▸ **EXERCISE PROMPT**:
Word-for-word transcription needed. Include every entry below but no pictures.
>>>
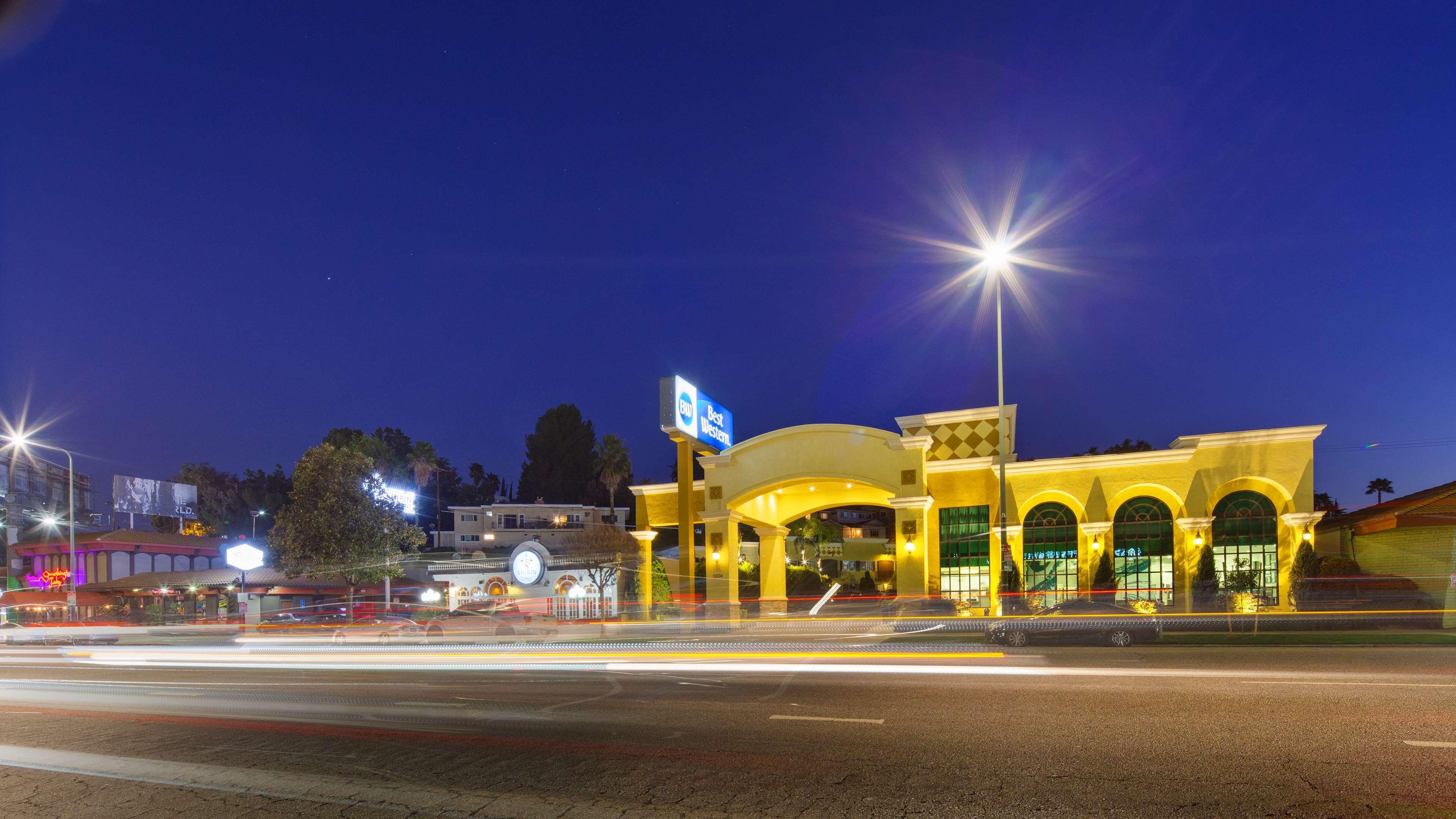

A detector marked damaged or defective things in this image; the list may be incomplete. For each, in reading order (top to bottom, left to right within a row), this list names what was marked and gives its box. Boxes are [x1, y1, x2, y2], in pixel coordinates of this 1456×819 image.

cracked pavement [0, 641, 1450, 810]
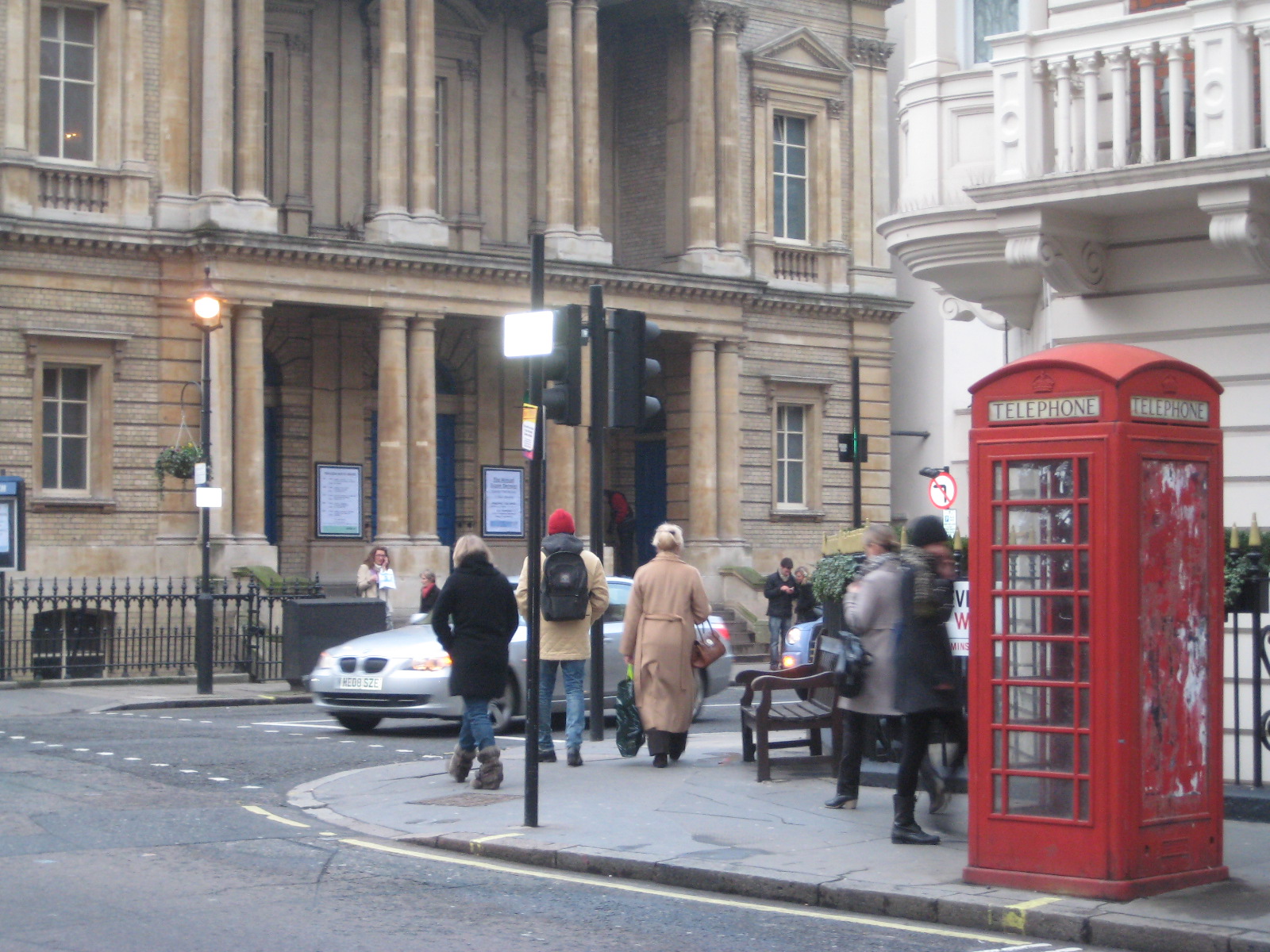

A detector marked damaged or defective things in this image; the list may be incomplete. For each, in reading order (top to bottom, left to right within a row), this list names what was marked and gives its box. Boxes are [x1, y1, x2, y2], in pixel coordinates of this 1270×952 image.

peeling red paint [1143, 462, 1209, 822]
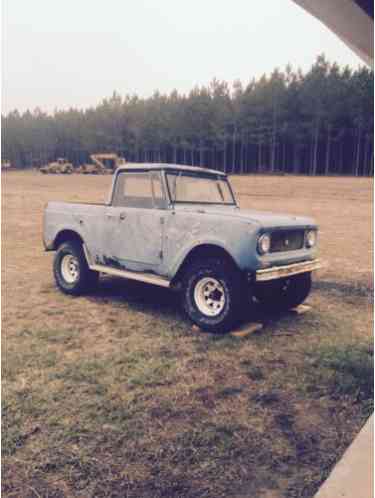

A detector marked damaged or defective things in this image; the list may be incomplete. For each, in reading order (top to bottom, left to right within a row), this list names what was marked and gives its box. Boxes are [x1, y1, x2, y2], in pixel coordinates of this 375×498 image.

rusty body panel [43, 163, 320, 284]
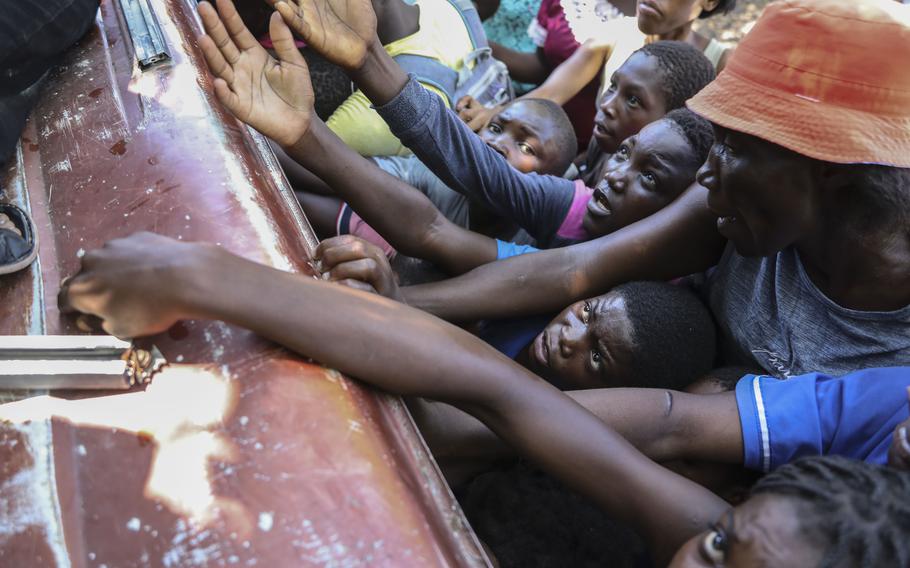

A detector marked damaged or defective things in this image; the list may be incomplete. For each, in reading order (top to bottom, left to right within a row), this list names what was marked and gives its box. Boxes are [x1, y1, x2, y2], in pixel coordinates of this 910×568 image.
<<<
▸ **SOLVED EXERCISE**:
A detector marked damaged or defective things in this image; the list may be incomplete. For each, in reading order (top to bottom, left to right within a row), this list names what was marked and gives its box. Boxes are [x1, y1, x2, y2], in pixel coordinates of this 1456×819 image.

cracked pavement [0, 641, 1450, 810]

A detector marked damaged or defective things in this image; the list may be incomplete. For each, in reading order (top to bottom, left to right within a row), this list names what was marked and gives its box. Boxes are [x1, y1, x2, y2], in pixel coordinates of this 1270×952 image.

peeling red paint [1143, 462, 1209, 822]

A detector marked damaged or defective things in this image; the list may be incomplete. For each, in reading order (top to bottom, left to right within a row), this list names what was marked and gives its box. Boxes are [x1, y1, x2, y2], in pixel coordinates of this 375×498 image.

rusty body panel [43, 163, 320, 284]

A detector marked damaged or defective things in this image; the list may be incomplete. For each, in reading order (top to bottom, left to right within a row), this list names what was marked and gives its box. Boxes are [x1, y1, x2, y2], in pixel coordinates of this 910×568 image.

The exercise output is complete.